Grimm's Law

Grimm's law (also known as the First Germanic Sound Shift or the Rask's-Grimm's rule), named after Jacob Grimm, is a set of statements describing the inherited Proto-Indo-European (PIE) stop consonants as they developed in Proto-Germanic (the common ancestor of the Germanic branch of the Indo-European family) in the 1st millennium BC. It establishes a set of regular correspondences between early Germanic stops and fricatives and the stop consonants of certain other centum Indo-European languages (Grimm used mostly Latin and Greek for illustration). As it is presently formulated, Grimm's law consists of three parts, which must be thought of as three consecutive phases in the sense of a chain shift:

  1. Proto-Indo-European voiceless stops change into voiceless fricatives.
  2. Proto-Indo-European voiced stops become voiceless stops.
  3. Proto-Indo-European voiced aspirated stops become voiced stops or fricatives (as allophones).

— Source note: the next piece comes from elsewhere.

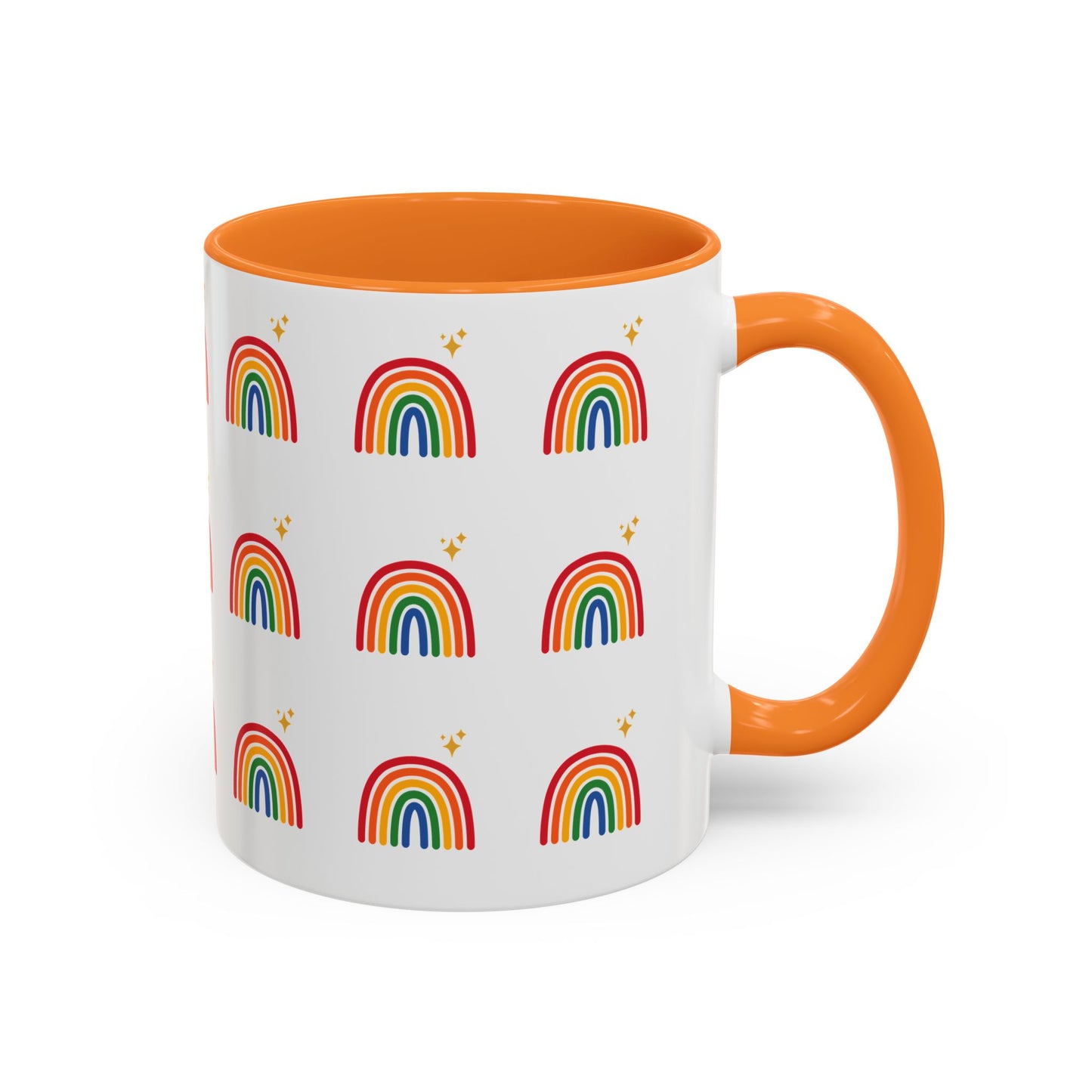 Mini Rainbows Colorful Mugs (11oz, 15oz)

The chain shift can be abstractly represented as:

bʰ → b → p → ɸ
dʰ → d → t → θ
gʰ → g → k → x
gʷʰ → gʷ → kʷ → xʷ

Here each sound moves one position to the right to take on its new sound value. Notice that the new sound value entails the loss of a feature at each of the three steps. First the aspiration feature is lost, then voice and finally stop leaving a continuant.

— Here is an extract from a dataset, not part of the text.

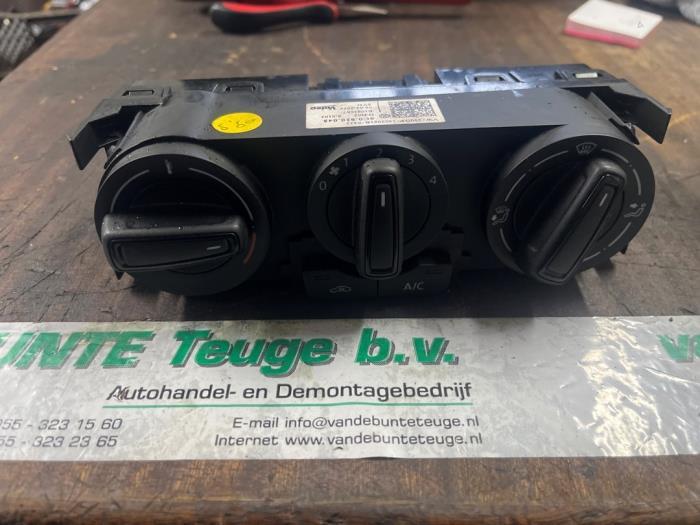 Panneau de commandes chauffage d'un Volkswagen Polo, Volkswagen, -, 3 mois de garantie, Utilisé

The voiced aspirated stops may have first become voiced fricatives before hardening to the voiced unaspirated stops "b", "d", and "g" under certain conditions; however, some linguists dispute this. See Proto-Germanic phonology.

Grimm's law was the first non-trivial systematic sound change to be discovered in linguistics; its formulation was a turning point in the development of linguistics, enabling the introduction of a rigorous methodology to historical linguistic research. The correspondences between Latin p and Germanic f was first noted by Friedrich von Schlegel in 1806. In 1818 Rasmus Christian Rask elaborated the set of correspondences to include other Indo-European languages such as Sanskrit and Greek, and the full range of consonants involved. In 1822 Jacob Grimm, the elder of the Brothers Grimm, in his book Deutsche Grammatik, formulated the law as a general rule (and extended to include standard German).